Whitehorse & Virtualization

Microsoft has been touting a next generation designer for creating services and then facilitating the deployment of the services. As Microsoft puts it:
"When creating mission-critical software, application architects often find themselves communicating with their counterparts who manage data center operations. In the process of delivering a final solution, the application's logical design is often found to be at odds with the actual capabilities of the deployment environment. Typically, this communication breakdown results in lost productivity as architects and operations managers reconcile an application's capabilities with a data center's realities.

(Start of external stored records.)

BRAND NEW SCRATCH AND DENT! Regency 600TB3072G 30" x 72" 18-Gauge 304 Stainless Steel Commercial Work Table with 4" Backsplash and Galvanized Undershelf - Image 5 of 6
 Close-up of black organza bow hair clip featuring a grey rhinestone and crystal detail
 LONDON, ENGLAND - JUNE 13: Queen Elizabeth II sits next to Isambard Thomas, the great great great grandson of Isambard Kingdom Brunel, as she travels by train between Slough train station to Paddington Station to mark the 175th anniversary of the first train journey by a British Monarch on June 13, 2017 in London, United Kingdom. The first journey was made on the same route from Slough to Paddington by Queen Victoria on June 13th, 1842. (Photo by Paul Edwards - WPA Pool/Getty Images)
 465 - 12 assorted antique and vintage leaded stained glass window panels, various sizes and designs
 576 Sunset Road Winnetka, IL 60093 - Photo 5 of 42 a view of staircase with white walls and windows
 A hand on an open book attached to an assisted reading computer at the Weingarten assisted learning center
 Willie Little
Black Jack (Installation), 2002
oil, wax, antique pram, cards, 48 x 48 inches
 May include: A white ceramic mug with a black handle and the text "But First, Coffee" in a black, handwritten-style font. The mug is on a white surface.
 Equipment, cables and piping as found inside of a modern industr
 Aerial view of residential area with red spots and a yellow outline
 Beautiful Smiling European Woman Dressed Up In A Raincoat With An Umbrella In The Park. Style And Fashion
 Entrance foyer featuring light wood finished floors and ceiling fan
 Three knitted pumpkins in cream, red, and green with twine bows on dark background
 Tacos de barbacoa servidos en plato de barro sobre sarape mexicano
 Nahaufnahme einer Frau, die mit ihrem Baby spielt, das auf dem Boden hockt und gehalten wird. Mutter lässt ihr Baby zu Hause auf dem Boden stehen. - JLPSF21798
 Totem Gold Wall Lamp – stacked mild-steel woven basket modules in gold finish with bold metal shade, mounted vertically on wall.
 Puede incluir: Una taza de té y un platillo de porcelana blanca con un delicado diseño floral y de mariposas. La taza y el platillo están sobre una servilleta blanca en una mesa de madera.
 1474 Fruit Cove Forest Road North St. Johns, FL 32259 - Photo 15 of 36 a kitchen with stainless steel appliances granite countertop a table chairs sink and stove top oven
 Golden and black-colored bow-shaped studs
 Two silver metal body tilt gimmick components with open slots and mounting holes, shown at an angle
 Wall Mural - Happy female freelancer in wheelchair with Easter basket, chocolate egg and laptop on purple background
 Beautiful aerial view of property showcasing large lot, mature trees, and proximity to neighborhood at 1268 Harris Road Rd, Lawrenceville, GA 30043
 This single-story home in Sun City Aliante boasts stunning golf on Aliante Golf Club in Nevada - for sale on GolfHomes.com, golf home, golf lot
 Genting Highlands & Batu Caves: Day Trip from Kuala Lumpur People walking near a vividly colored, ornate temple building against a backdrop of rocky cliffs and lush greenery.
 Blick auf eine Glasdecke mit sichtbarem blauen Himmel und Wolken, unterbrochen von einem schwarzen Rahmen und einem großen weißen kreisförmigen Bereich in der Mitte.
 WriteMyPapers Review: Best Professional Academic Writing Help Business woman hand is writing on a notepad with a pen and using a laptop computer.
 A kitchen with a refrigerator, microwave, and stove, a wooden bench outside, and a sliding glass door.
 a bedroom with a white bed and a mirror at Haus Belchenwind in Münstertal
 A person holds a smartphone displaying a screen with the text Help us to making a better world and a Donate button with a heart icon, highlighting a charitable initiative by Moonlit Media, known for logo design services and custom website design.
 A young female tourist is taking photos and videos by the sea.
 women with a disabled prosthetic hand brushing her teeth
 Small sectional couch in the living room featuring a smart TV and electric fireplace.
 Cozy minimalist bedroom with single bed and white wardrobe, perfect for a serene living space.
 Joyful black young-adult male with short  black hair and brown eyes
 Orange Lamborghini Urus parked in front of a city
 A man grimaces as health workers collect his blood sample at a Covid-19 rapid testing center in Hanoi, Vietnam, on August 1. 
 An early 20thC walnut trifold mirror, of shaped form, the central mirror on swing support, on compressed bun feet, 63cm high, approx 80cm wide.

In Visual Studio Whidbey, Microsoft will mitigate these differences by offering a logical infrastructure designer (Figure 19) that will enable operations managers to specify their logical infrastructure and architects to verify that their application will work within the specified deployment constraints."

The environment allows you to drag a service description to a physical node and drop it on the node to signify deployment.


At first this seemed like a great idea, but after spending some time with the IBM grid team they quickly reminded me that "services belong to the network, not a predefined physical node". Thus, hardcoding service locations to a physical node kills the benefit of virtualization. Well - I agree - you want to drag your service to a "service network" and there should be various sub-nets that are partitioned based on resources and capability.

But, I must admit... the Whitehorse demo sure looks cool... It is very "Microsoft".